Omit all pictures and transcribe only the lines in the entries below that run from the line with "Ein Hallenbad mit" through the line with "A 19th century".

▶

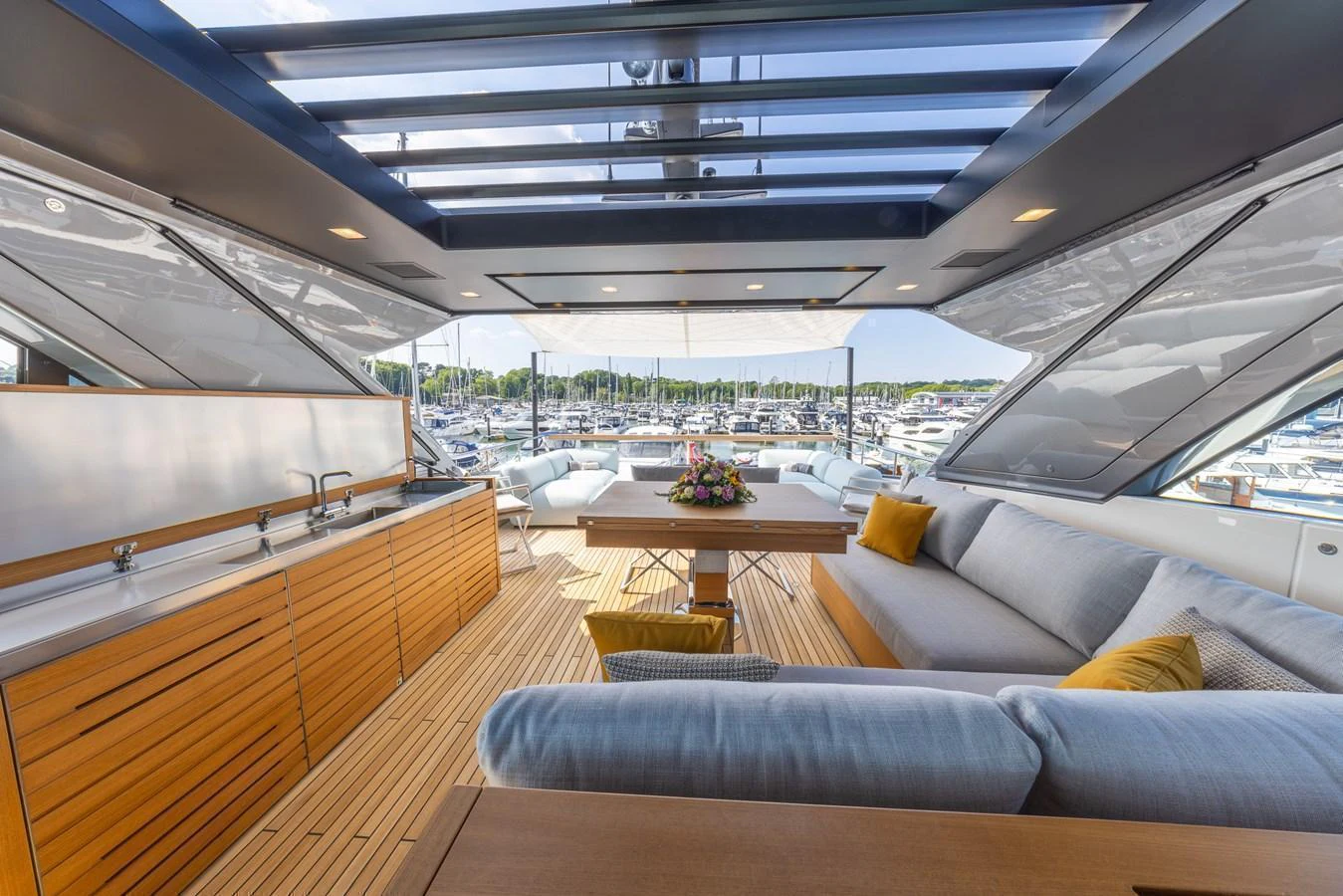 The flybridge offers a spacious and luxurious seating area with a stunning view of the marina. aboard SX76 #144 Yacht for Sale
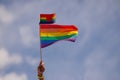 Hand holding rainbow gay flag, symbol of lgbt people, diversity of genders love. Lgbtq community pride month. Flag lgbt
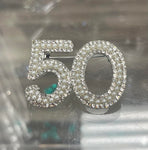 50 brooch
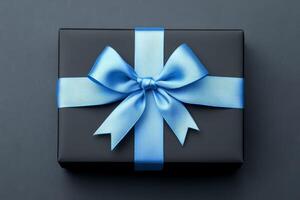 Black Gift Box with Blue Ribbon Bow Black Background photo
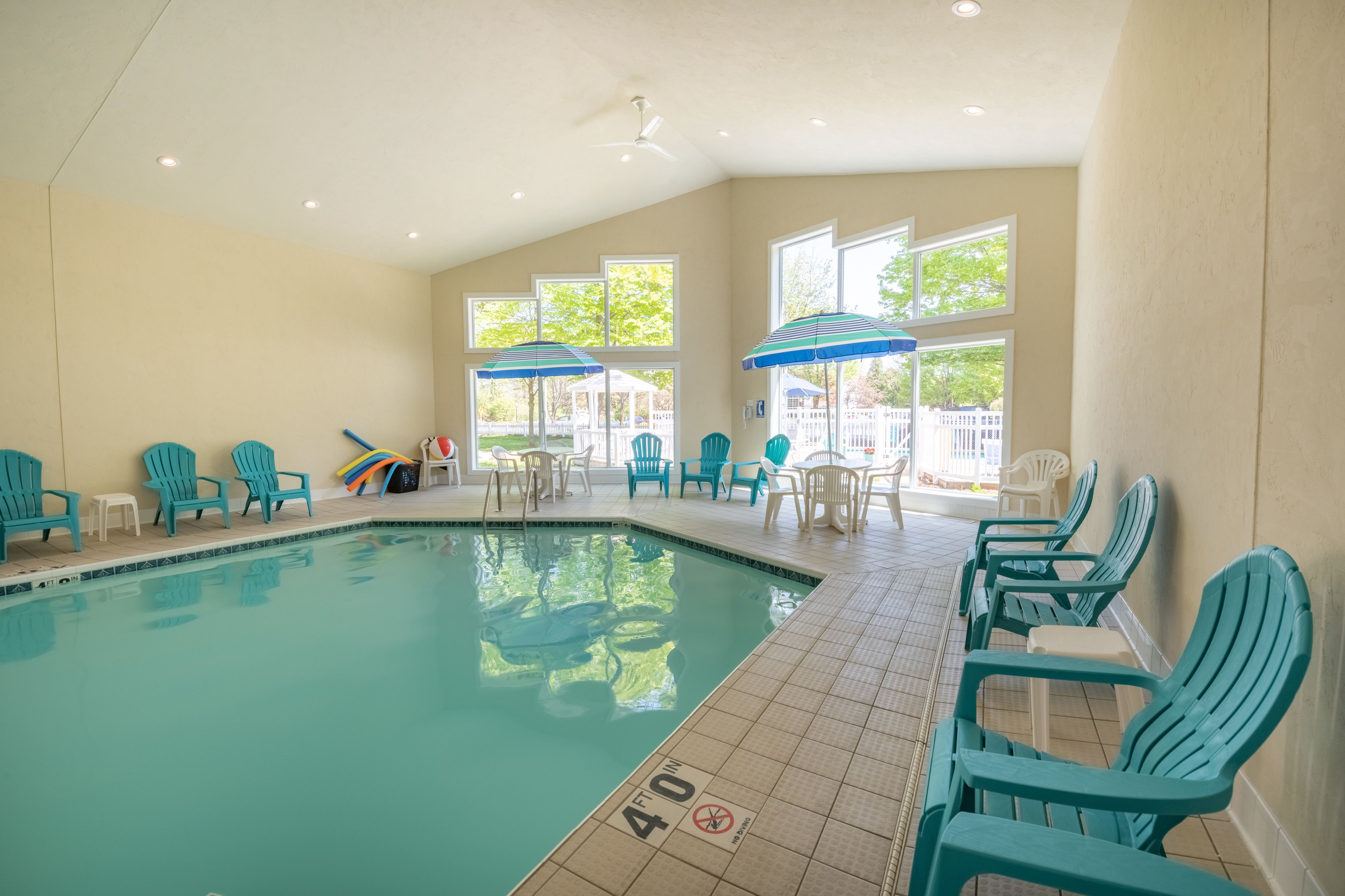 Ein Hallenbad mit blauen Stühlen, Sonnenschirmen, einem Deckenventilator und großen Fenstern.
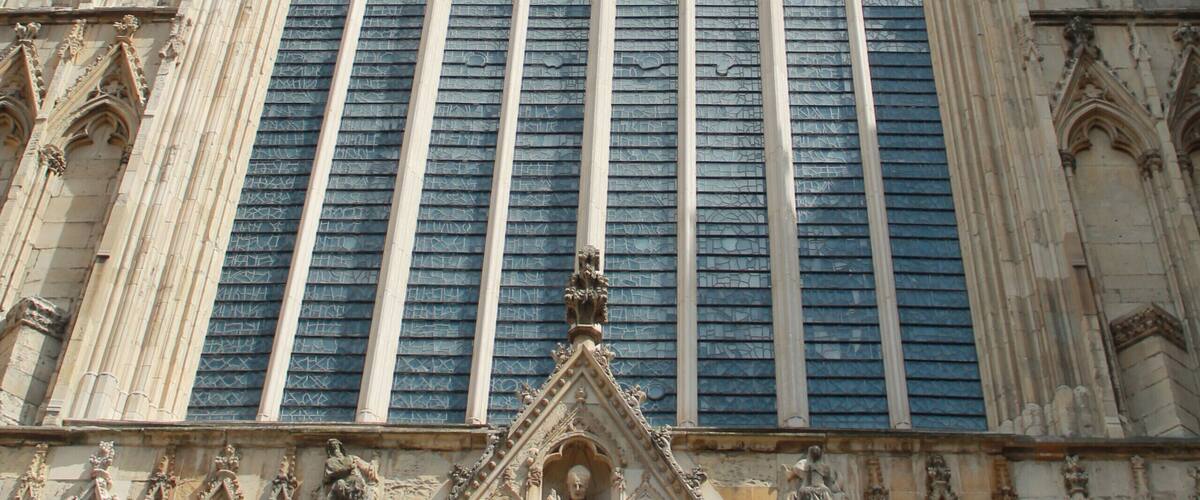 A Gothic cathedral with intricate stone carvings and a large rose window.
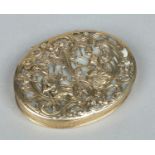 A 19th century Continental silver gilt and gold oval snuff box with hinged cover.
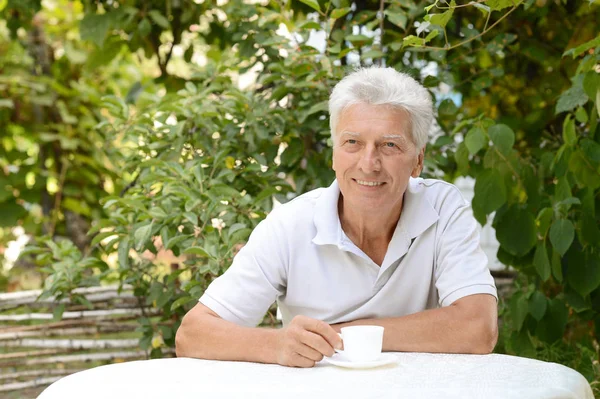 Mature man with cup — Stock Photo, Image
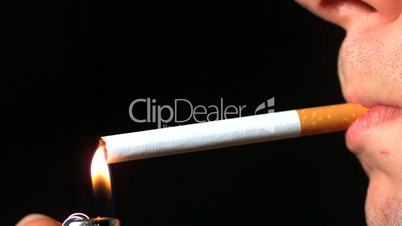 Man lighting cigarette side profile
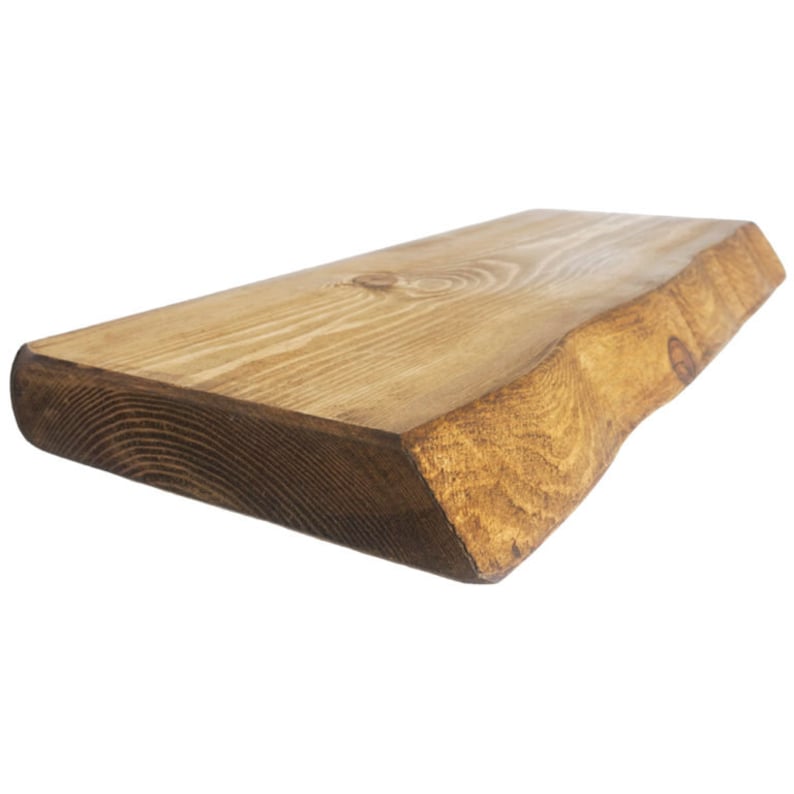 May include: A rustic wooden shelf with a natural edge and a dark brown stain. The shelf is made from a single piece of wood and has a unique, organic shape.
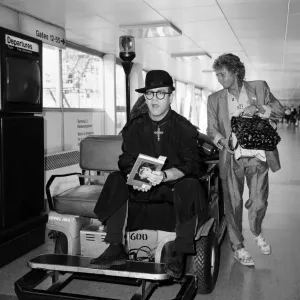 Elton John at Heathrow Airport Print, 7th September 1987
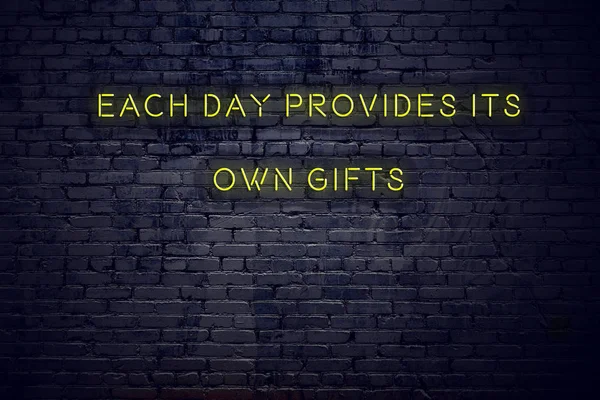Positive inspiring quote on neon sign against brick wall each day provides its own gifts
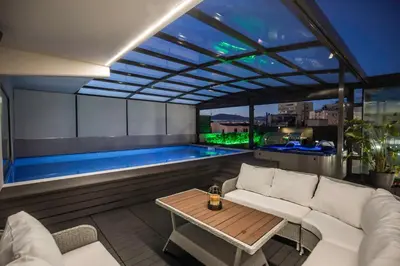 a living room with a pool and a couch and a table at Zambelis Athens Penthouse Spa in Athens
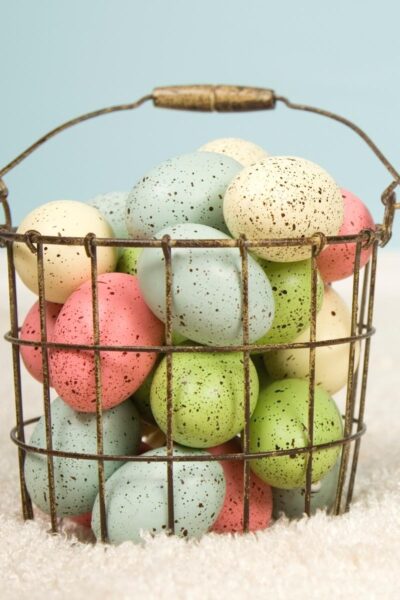 Colored eggs in a wire basket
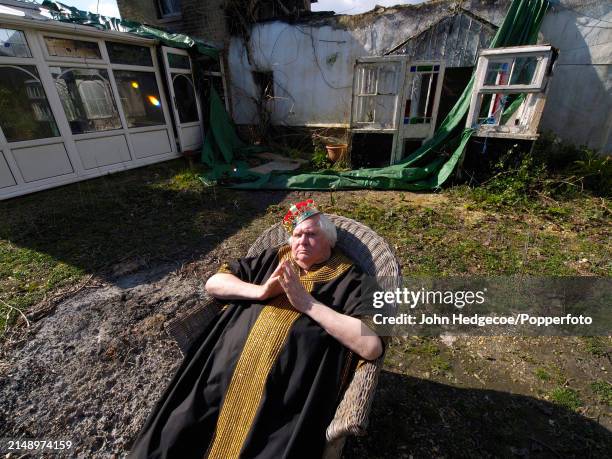 English film director and photographer Ken Russell seated outside his fire damaged cottage in the village of East Boldre in the New Forest area of...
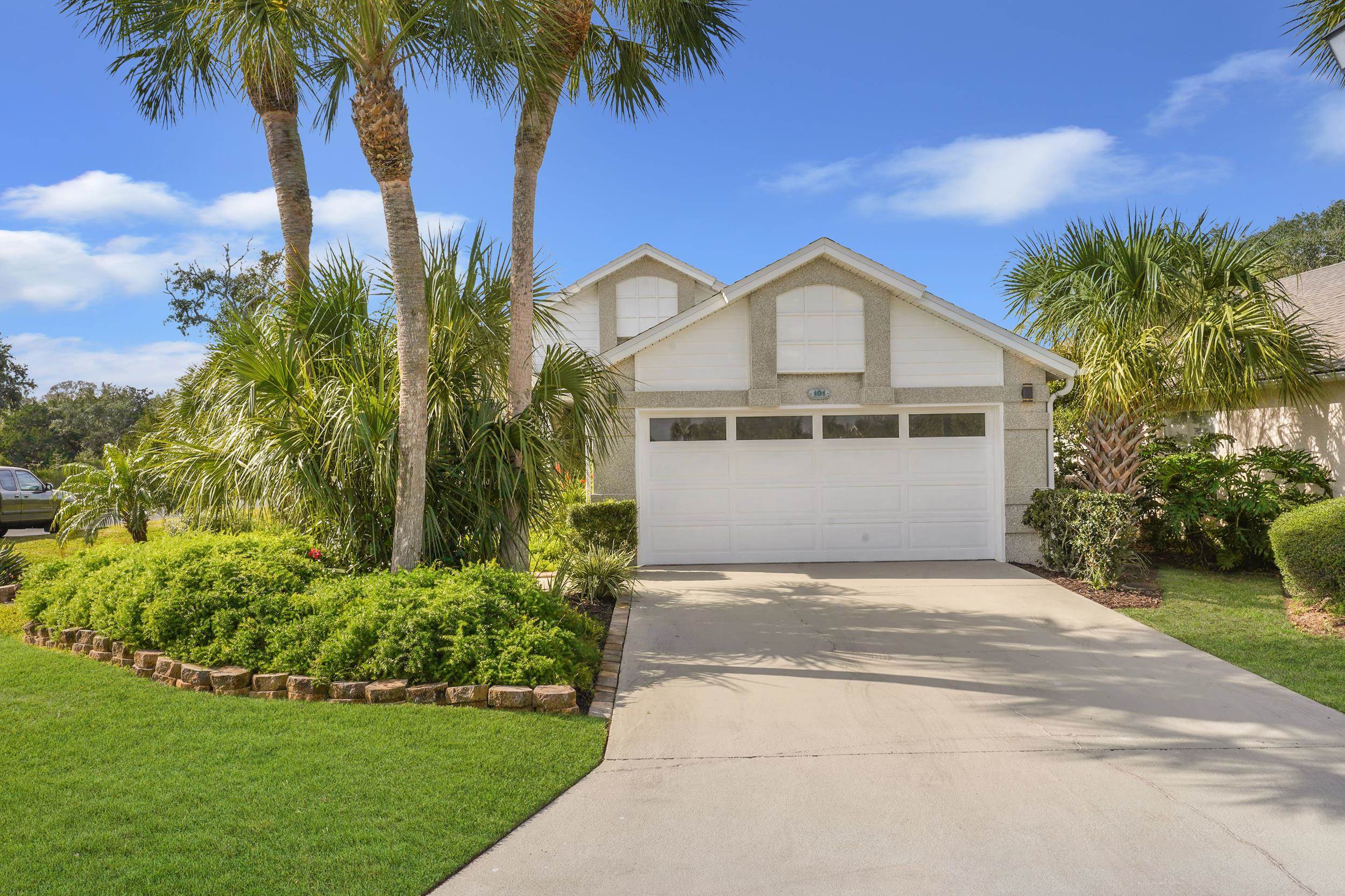 101 Marsh Place North St. Augustine, FL 32080 - Photo 37 of 42 a front view of a house with a garden and yard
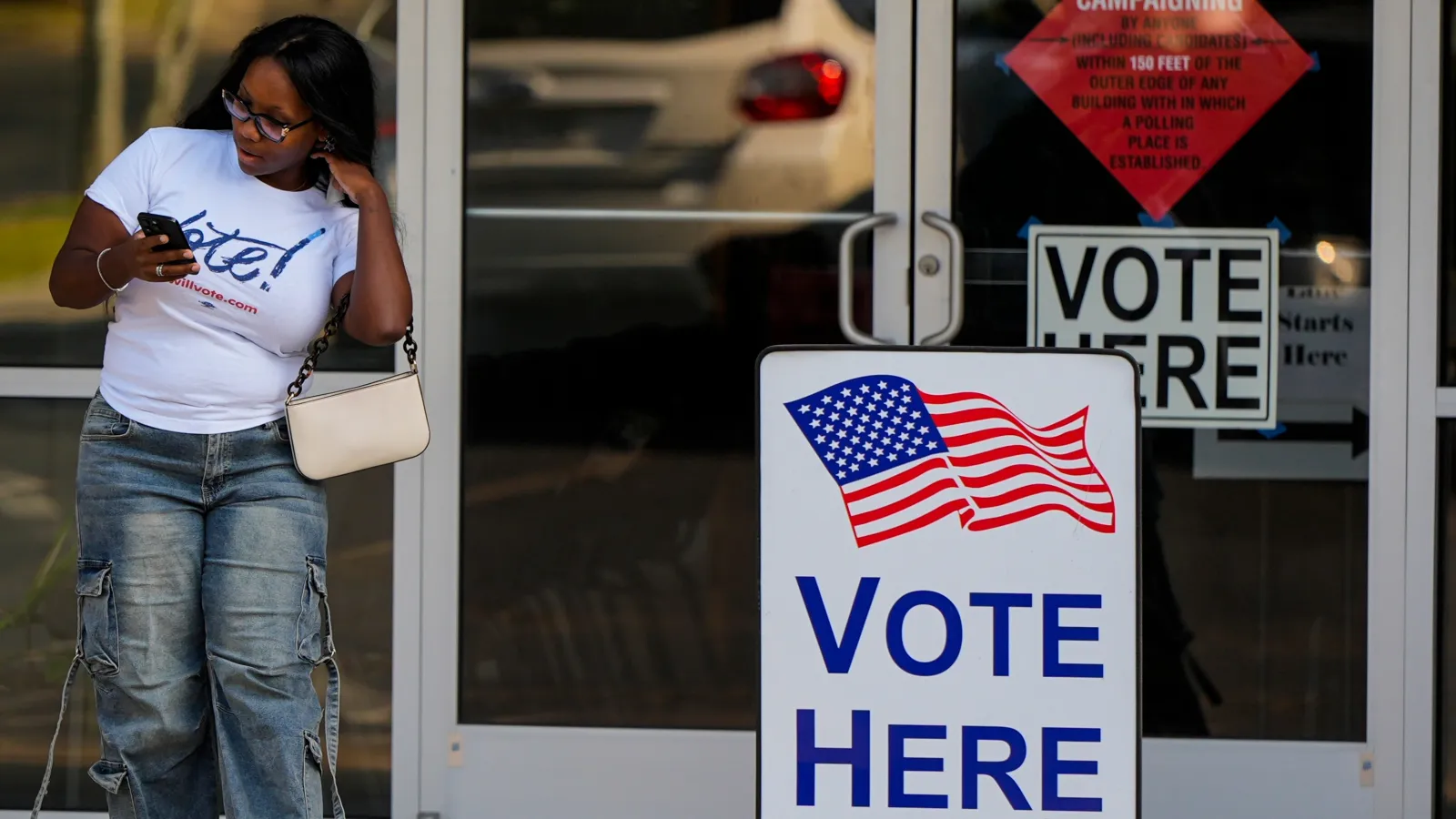 A woman leaves a voting center on May 19 in Marietta, Georgia. (AP Photo/Mike Stewart)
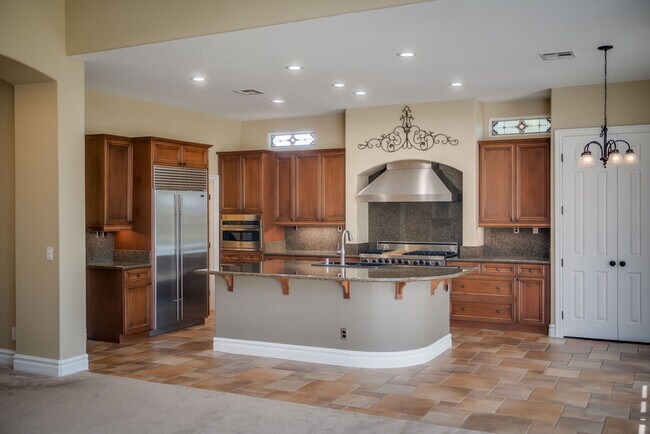 Entertain in this professional chefs kitchen with Sub-Zero and Viking adjacent to the great room. - 2850 Bronzino Ct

◀

Result of the task
 Ein Hallenbad mit blauen Stühlen, Sonnenschirmen, einem Deckenventilator und großen Fenstern.
 A Gothic cathedral with intricate stone carvings and a large rose window.
 A 19th century Continental silver gilt and gold oval snuff box with hinged cover.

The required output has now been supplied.